[Saved data entries]
+++++

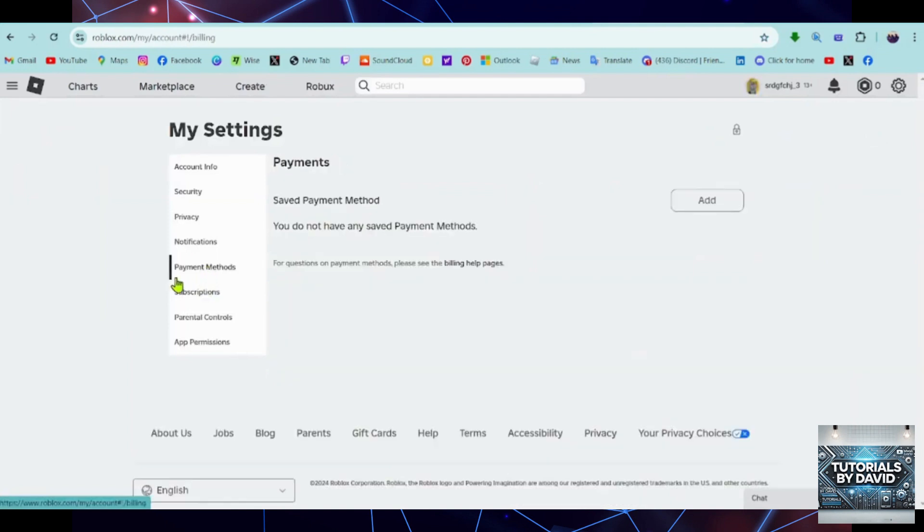Once you're logged in, tap the Settings option in the upper right corner of your screen. Then go to Settings again.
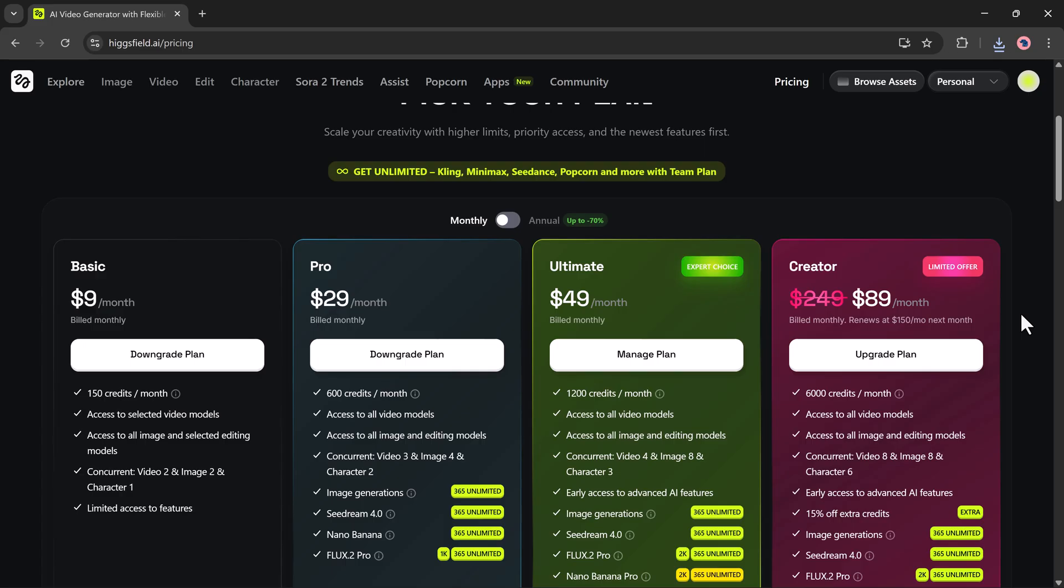The pro plan, priced at $29 per month, includes 600 monthly credits. It unlocks all video models, all image and editing models, and supports more concurrent tasks: three video, four image, and two character generations. You also get unlimited image generations with Seedream 4.0, Nano Banana, and Flux 0.2 Pro 1K.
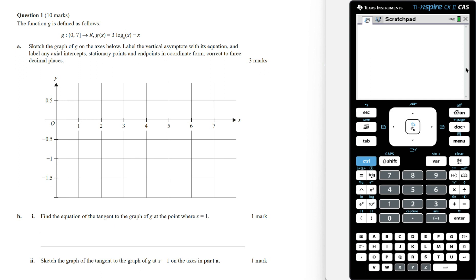In this video I'm going to show you how to answer the 2023 maths methods sample exam 2 extended response question 1. We've got the function g defined as follows. Sketch the graph of g on the axis below. Label the vertical asymptote with its equation and label any axial intercepts, stationary points and endpoints in coordinate form correct to three decimal places.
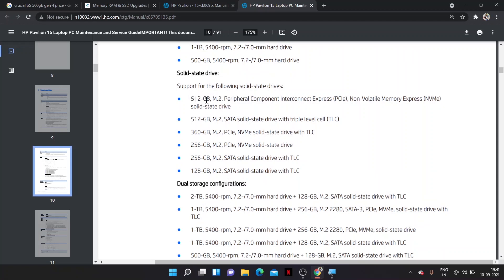It shows that 512GB NVMe SSD M.2 and another SATA drive SSD can also be supported for my laptop.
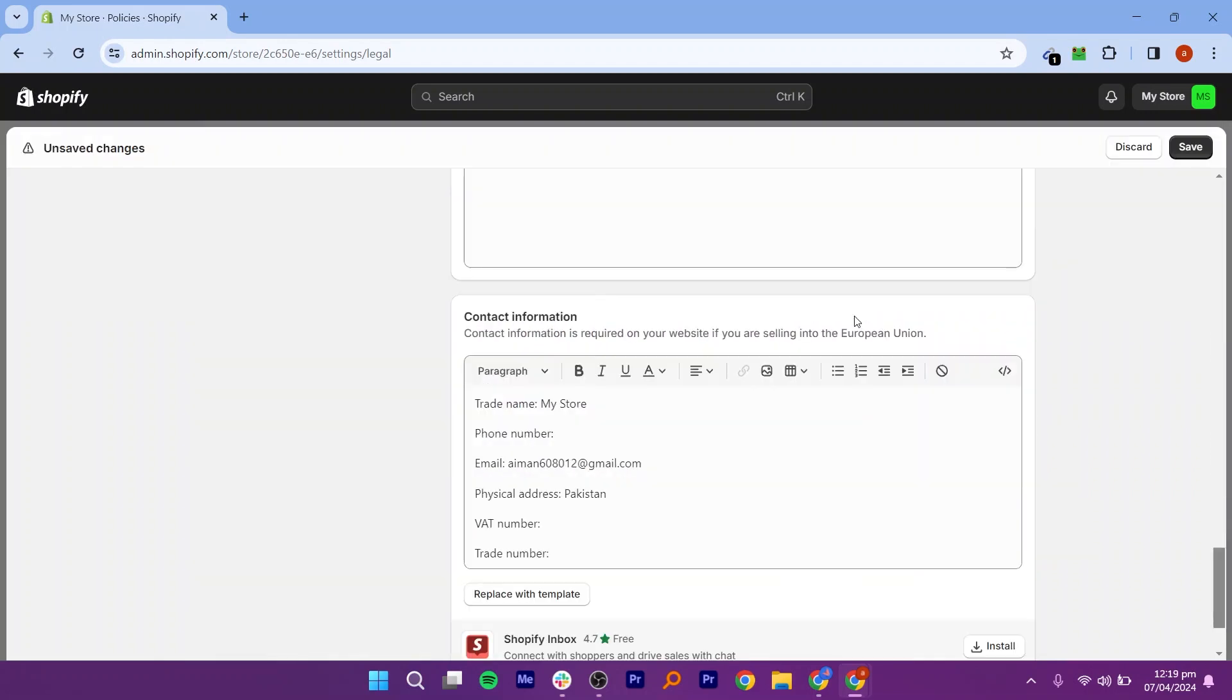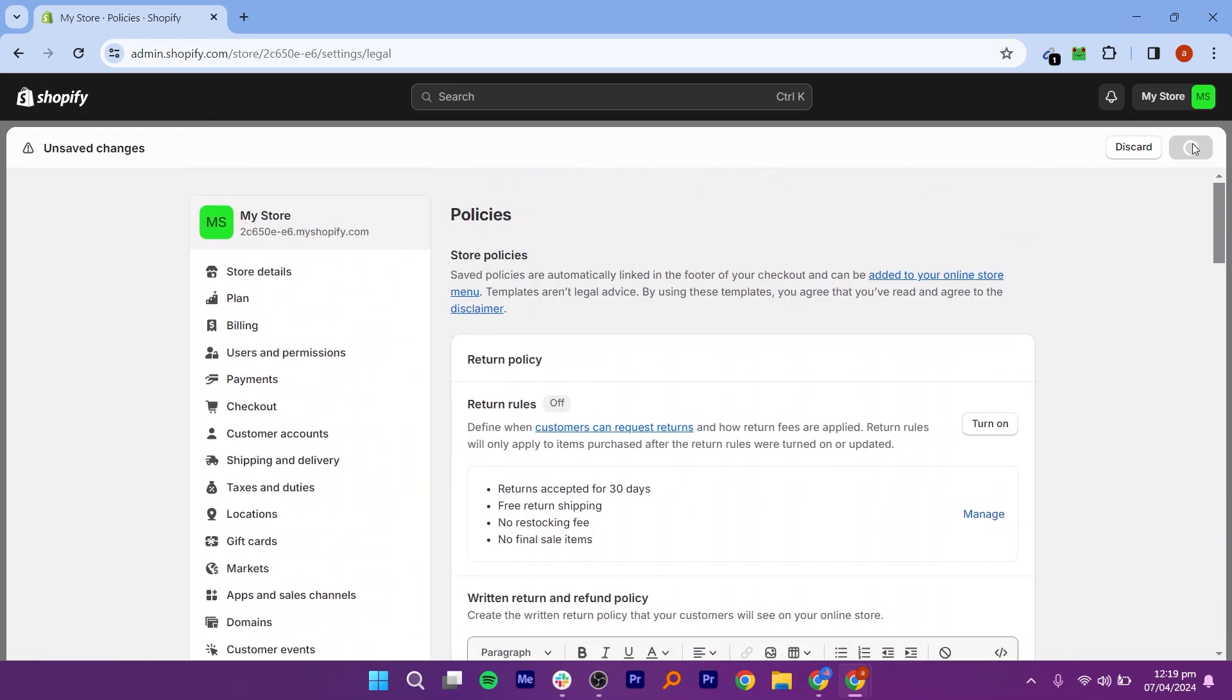After adding policies in different sections, click on Save to save all the policies to your Shopify account.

+++++

**WORK REQUIRED:** Type the entries again verbatim. Drop the images.

**WRITTEN RESPONSE:**
Once you're logged in, tap the Settings option in the upper right corner of your screen. Then go to Settings again.
The pro plan, priced at $29 per month, includes 600 monthly credits. It unlocks all video models, all image and editing models, and supports more concurrent tasks: three video, four image, and two character generations. You also get unlimited image generations with Seedream 4.0, Nano Banana, and Flux 0.2 Pro 1K.
In this video I'm going to show you how to answer the 2023 maths methods sample exam 2 extended response question 1. We've got the function g defined as follows. Sketch the graph of g on the axis below. Label the vertical asymptote with its equation and label any axial intercepts, stationary points and endpoints in coordinate form correct to three decimal places.
It shows that 512GB NVMe SSD M.2 and another SATA drive SSD can also be supported for my laptop.
After adding policies in different sections, click on Save to save all the policies to your Shopify account.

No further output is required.